ADR 006: Testing Strategy

What is this?

The finalized testing architecture for ChatKcal, prioritizing behavior-driven component tests and mocked network integration for reliability.

Metadata

Status: Accepted & Implemented
Date: 2026-01-01
Type: Architecture Decision Record (ADR)

ChatKcal adopts a Layered Testing Strategy (The Testing Trophy) to ensure reliability without slowing down development.

Static Analysis (Base): Catch typos and syntax errors instantly.
Unit Tests: Verify pure logic and edge cases.
Integration Tests (The Bulk): Verify that components work together.
End-to-End (E2E): Verify the critical user journeys work on a real browser.

2. The Layers

Layer 1: Static Analysis

Goal: Catch stupid mistakes before code runs.
Tools: ESLint, Prettier, TypeScript (or JSDoc typing).
Cost: Free (Runs in editor).

Layer 2: Unit Tests (Business Logic)

Goal: Verify complex algorithms, data transformers, or custom hooks in isolation.
Tools: Vitest (fast, native Vite support).
What to test: dateUtils.js, calculateMacros(), complex Reducers.
What NOT to test: React Components (usually).

Layer 3: Component Integration (DOM)

Goal: Verify that a Component Tree renders correctly and handles user interaction.
Tools: React Testing Library (RTL).
Philosophy: Test Behavior, not Implementation.
- ❌ Bad: expect(component.state.isOpen).toBe(true)
- ✅ Good: expect(screen.getByText('Settings')).toBeVisible()

Layer 4: E2E & Network Integration (Browser)

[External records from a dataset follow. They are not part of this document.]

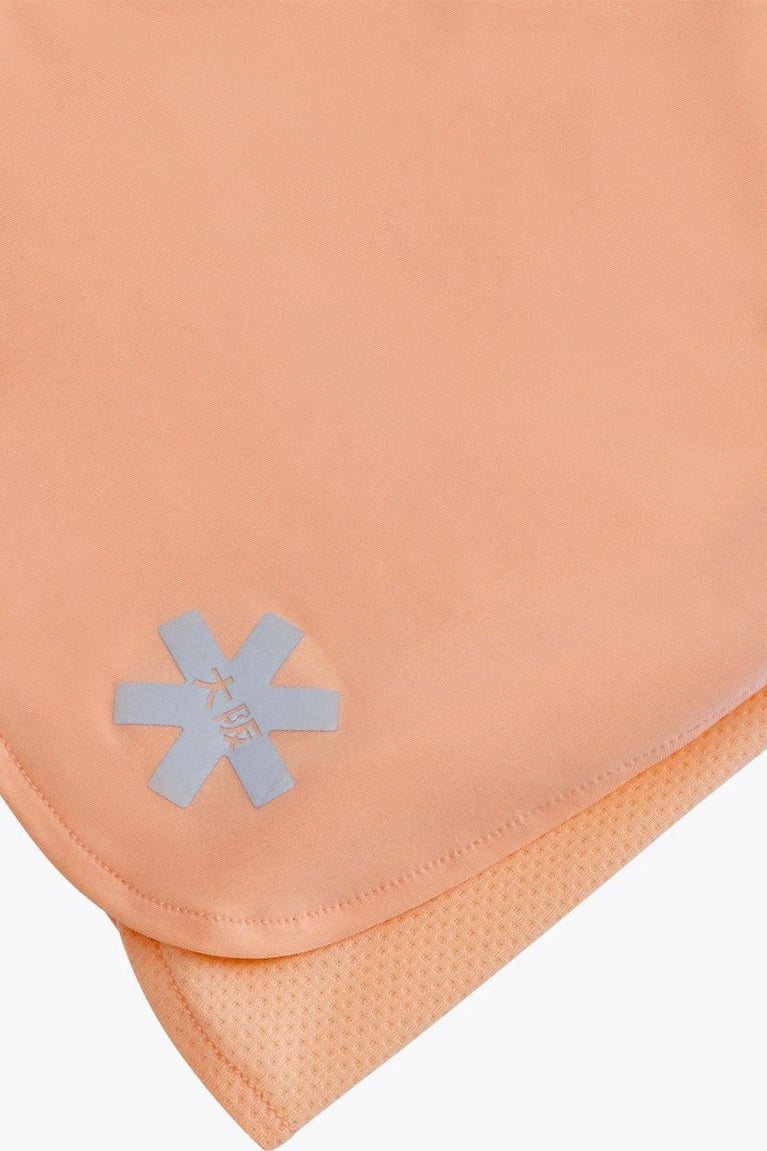 Osaka women ball skort in peach with logo in grey. Detail logo view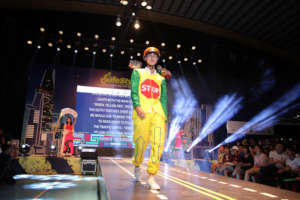 Students in road safety outfits walk the runway.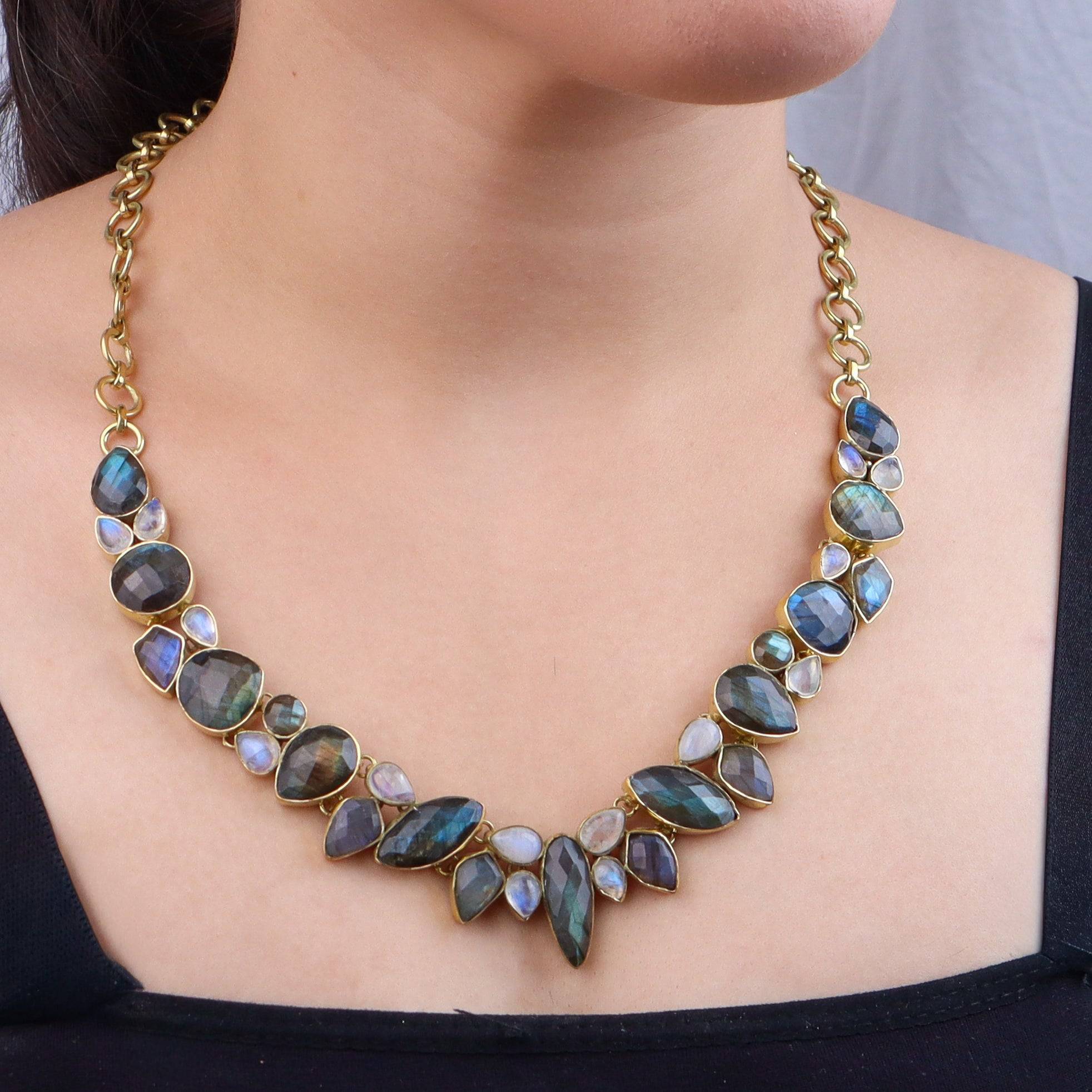 Model wearing a brass fashion necklace for a stylish and contemporary fashion jewellery look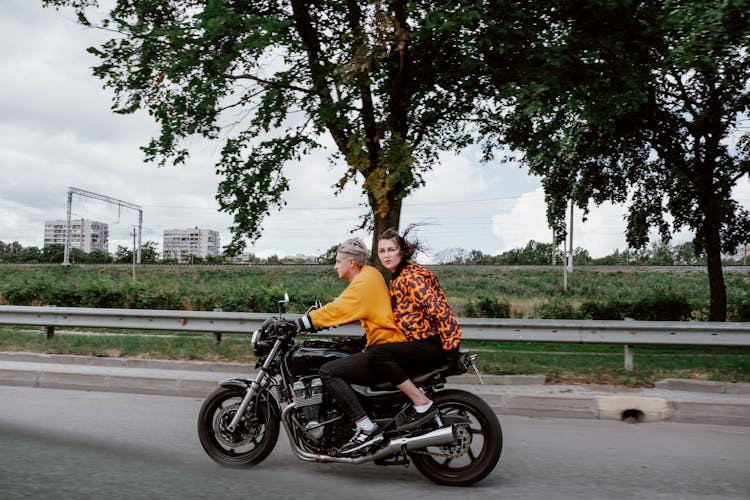 A Man And Woman Riding A Motorcycle Together 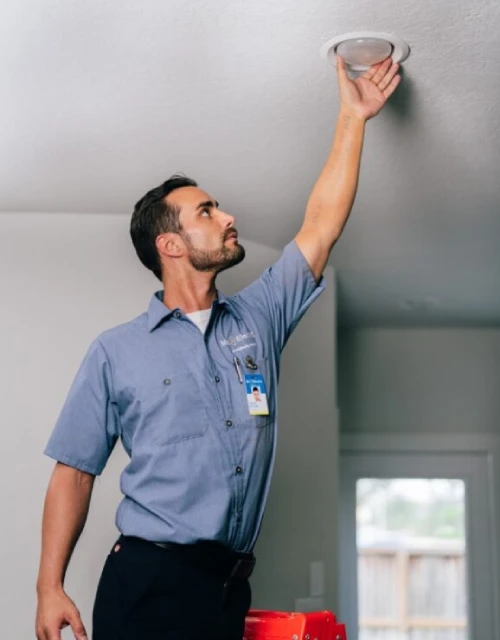 Electrician reaching for light bulb.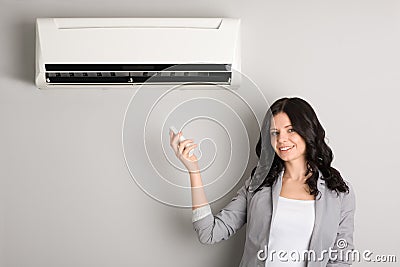 Girl holding a remote control air conditioner Stock Photo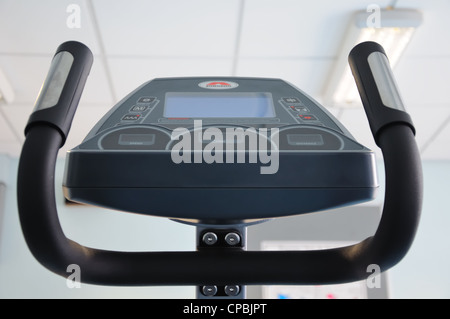 Gym equipment close up showing touch pad programming screen and heart rate handle grips Stock Photo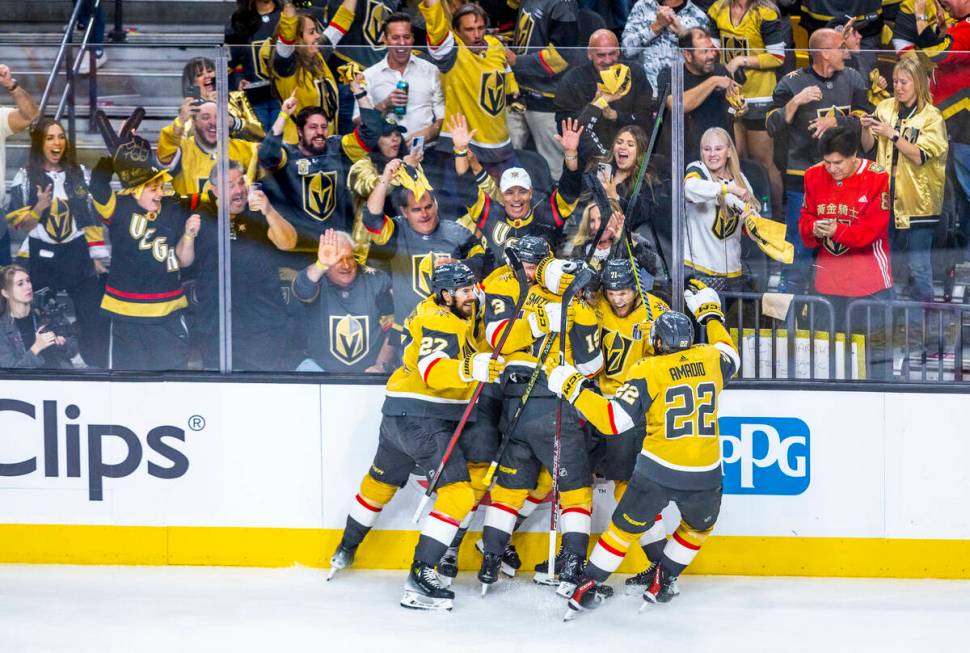 Golden Knights center William Karlsson (71) and teammates celebrate a goal against Florida Pant ...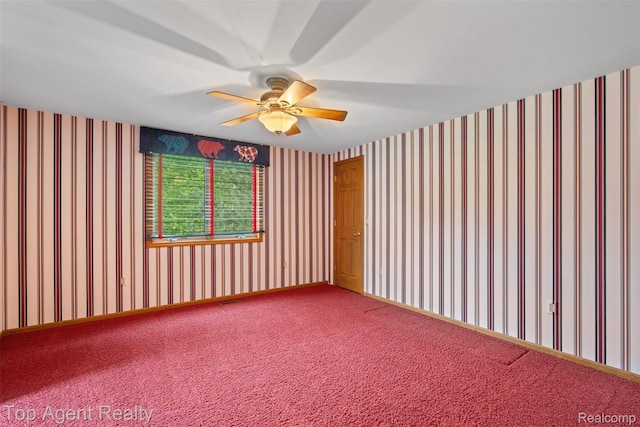 7386 Card Rd, Smiths Creek, MI 48074 - empty room with wallpapered walls, a ceiling fan, and carpet floors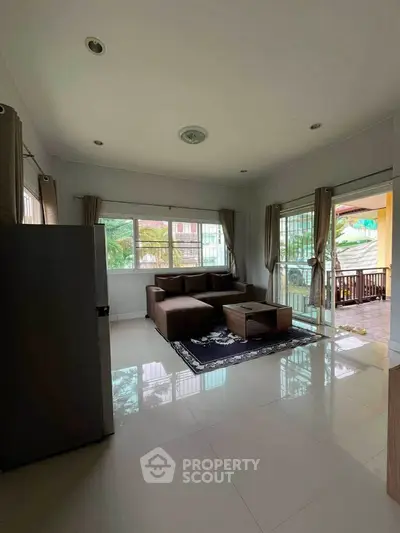 Spacious living room with modern furniture and large windows offering natural light.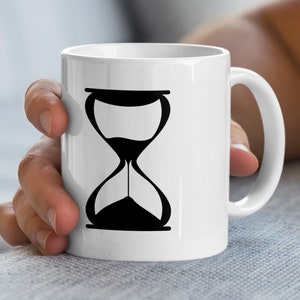 Könnte beinhalten: Weiße Keramik-Tasse mit einem schwarzen Sanduhr-Design. Die Sanduhr zeigt zwei verbundene Kammern, mit Sand, der von oben nach unten fließt. Die Tasse hat einen gebogenen Griff.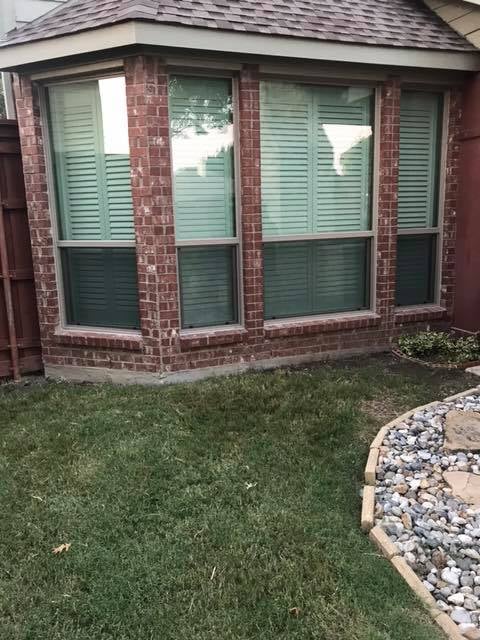 Window installation in progress on a residential property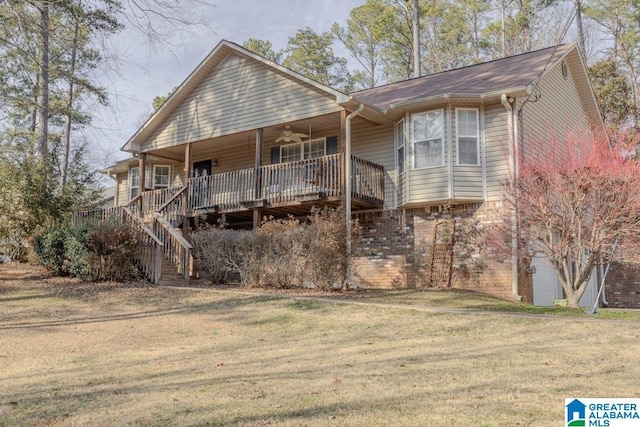 back of house with a wooden deck, ceiling fan, and a lawn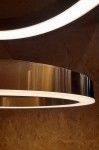 Lampa wisząca Ring D60 LED w złotym kolorze, z okrągłym kształtem i białym podświetleniem. Ujęcie z boku, ukazujące metaliczną teksturę oraz detale konstrukcji. Tło w neutralnym kolorze, eksponujące lampę.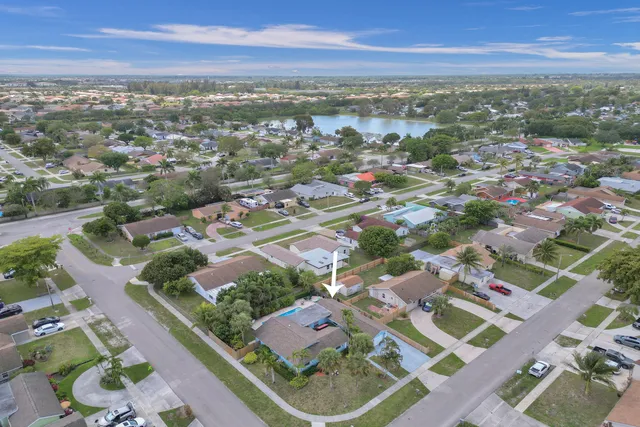 a view of a backyard with furniture and a fire pit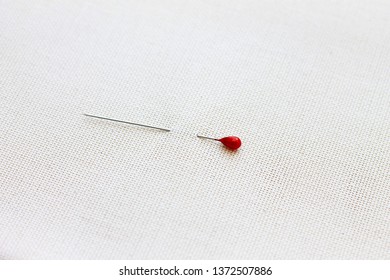 Sharp Pin With A Red Head Pinned To A Light Fabric Concept Of Needlework, Sewing And Creativity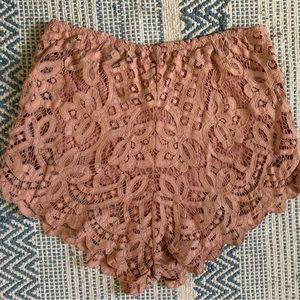 Free People “Adella” pink lace stretchy shorts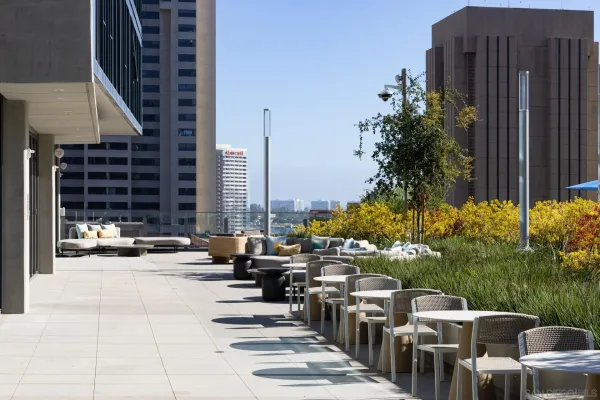 a view of swimming pool with outdoor seating and city view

Goal: Verify the app works in a real browser environment.
Tools: Playwright / Cypress.
Two Flavors:
1. Full E2E (Smoke Tests): Hits the real backend/database. Tests the whole stack. Expensive, slow, flaky. Run sparingly (e.g., Critical Paths only).
2. Network Mocking (Integration): Runs in a real browser but mocks the API.
3. Why: Fast, reliable, deterministic.
4. Use Case: Verifying frontend logic like Race Conditions, Form Submissions, and Error States without needing a seed database.

3. Practical Example: The "Settings Race Condition"

We recently encountered a bug where saving settings fired two requests (Race Condition).

Method	Result	Why?
Unit Test	Missed	Mocks the `mutation` function directly. Doesn't see the race.
RTL Test	Maybe	Might catch it if we check call counts, but doesn't test the actual network payload serialization.
Playwright (Mocked)	Caught	Intercepts the actual HTTP requests leaving the browser. We can assert: "Did the browser send exactly ONE POST request with `calories: 1500`?"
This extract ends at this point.